La prima riflessione suscitata negli ambienti del Quirinale riguarda innanzitutto la forma. L’intervento è, infatti, firmato da Napolitano non come senatore a vita ma da “presidente emerito della Repubblica”. La differenza è evidente. Soprattutto dopo che la scorsa settimana Mattarella, anche sulle riforme istituzionali, ha sentito l’esigenza di precisare: “Io ho le mie opinioni, ma ho il dovere di accantonarle”. Il passaggio è cruciale e potrebbe anche aprire un dibattito di natura costituzionale sulle due figure. Da un lato un presidente in carica, che fa l’arbitro e tiene per sé le sue considerazioni. Dall’altro un Emerito che “straripa dai propri confini” (altra citazione mattarelliana dal discorso del Ventaglio, anche se non direttamente o esplicitamente riservata al proprio predecessore). Chi pesa di più?

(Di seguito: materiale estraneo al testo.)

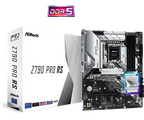 ASRock Z790 Pro RS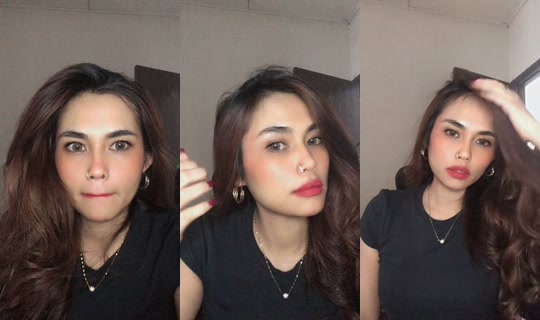 meisme_05 TikTok Live — Sep 19, 2026, 6:20 AM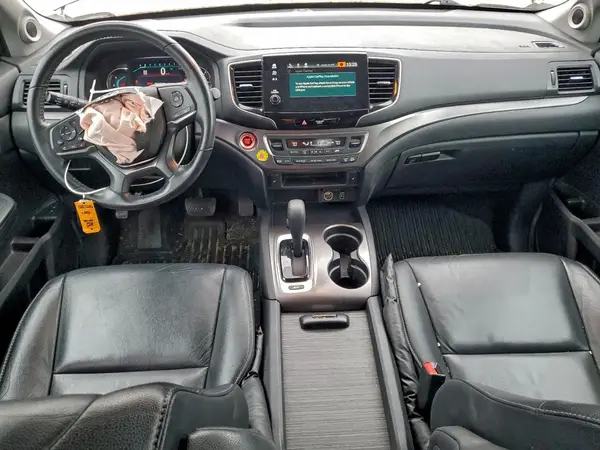 5FNYF6H57KB059250 2019 HONDA PILOT - Image 8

La figura del presidente emerito non esisteva fino al 1998, quando venne istituita con un decreto della Presidenza del Consiglio. Successivamente, nel 2001, all’Emerito fu anche assegnato uno stendardo presidenziale, quadrato, con un rombo bianco al centro e gli angoli rimanenti del quadrato di colore rosso e verde, a formare il tricolore. Il punto, dunque, è questo. Perché Napolitano, quando si tratta di interventi prettamente politici, non rinuncia alla qualifica di “emerito” per quella più consona di “senatore a vita”?

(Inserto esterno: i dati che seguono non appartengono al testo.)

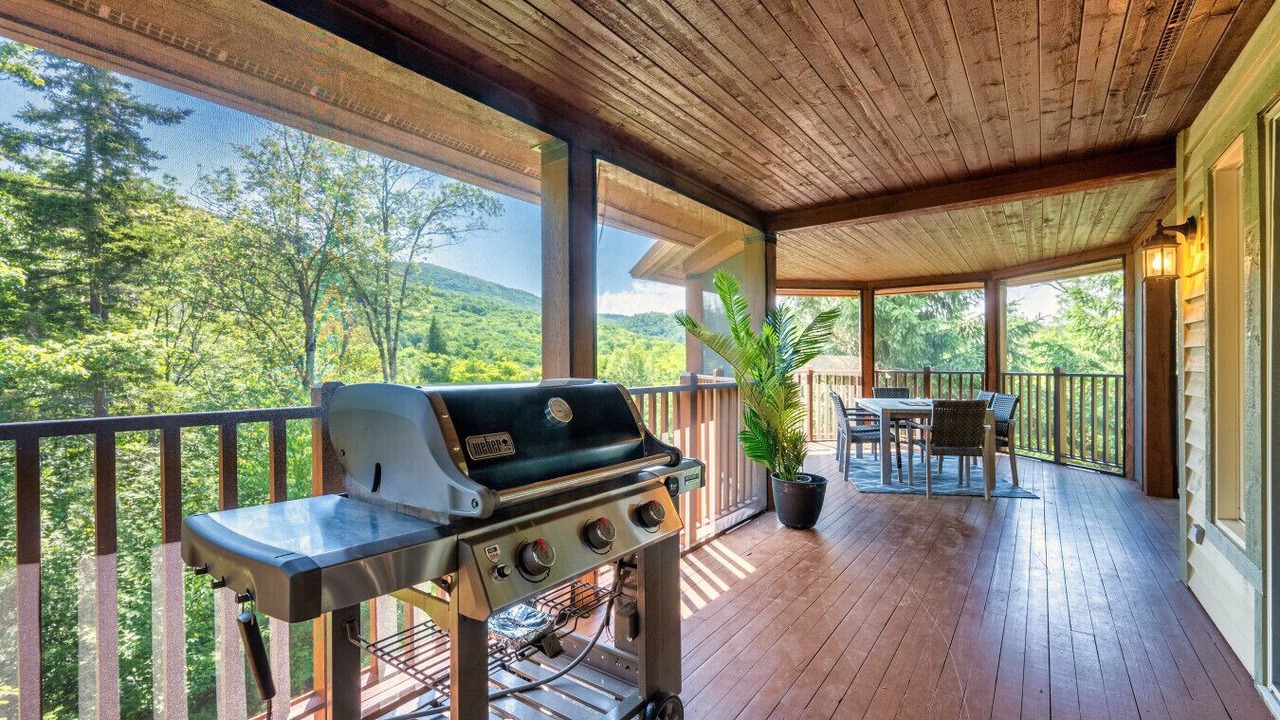 Photo of Outdoor in Mont-Tremblant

La seconda riflessione, più politica, discende ovviamente dalla prima. Napolitano rileva che “non è pensabile che si torni indietro” ed entra più volte nel merito delle riforme costituzionali del ministro Boschi. Fa anche un appello finale perché “modifiche e puntualizzazioni utili e non dirompenti” non cedano il passo a “contrapposizioni politiche distruttive e puri artifizi polemici”.
Chiaro il riferimento alla minoranza del Pd. Ecco invece Mattarella il 30 luglio scorso: “Mi auguro che il processo di riforma in itinere vada in porto dopo decenni di tentativi non riusciti. Naturalmente non entro nel merito delle scelte che appartengono soltanto al Parlamento nella sua sovranità, ma mi auguro che questo processo vada in porto”.

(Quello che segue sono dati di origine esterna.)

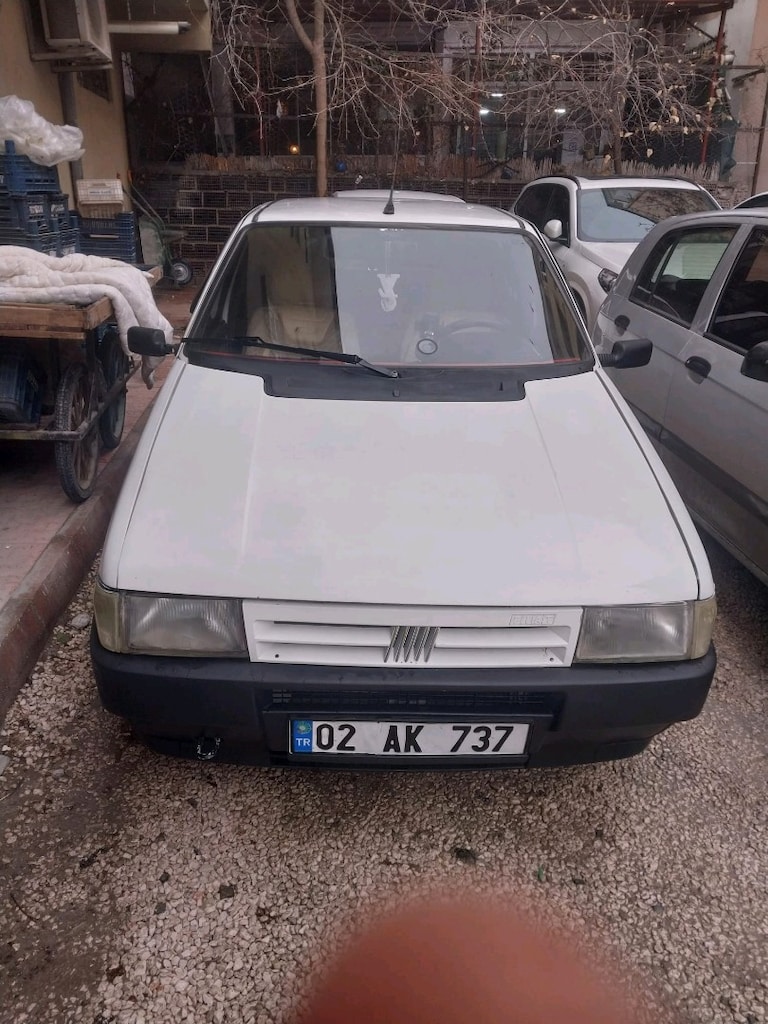 Fiat UNO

Il capo dello Stato non indica in quale modo debba concludersi questo “processo”, a differenza di Napolitano. E nel suo ruolo di arbitro è pronto ad accettare anche un altro risultato della “partita”, qualora si tornasse al Senato elettivo. Anche qui, la diversità delle due posizioni è lampante. Senza dimenticare, ancora, che Mattarella nel suo discorso di una settimana fa ha tracciato una metafora critica sull’attuale premier Matteo Renzi, poi temperata dalla promessa di non intervenire sulle riforme: “Nessuno, tantomeno il presidente della Repubblica, che non ha poteri di scelta politica, è, per usare una metafora, un uomo solo al comando”.
Riletta oggi può valere anche per il passato, quando il suo predecessore al Quirinale, dal 2011 in poi, è stato davvero “un uomo solo al comando”. E chissà che le annunciate dimissioni di Napolitano, a inizio dell’anno, non siano state la presa d’atto di una convivenza impossibile tra due uomini soli al comando, lui e Renzi. Ma adesso, di convivenza problematica, sembra esserci quella tra i due presidenti, all’opposto di quella tra i due papi. Perché Ratzinger conduce una vita ritirata. Napolitano, no. Ora c’è l’Emeritocrazia.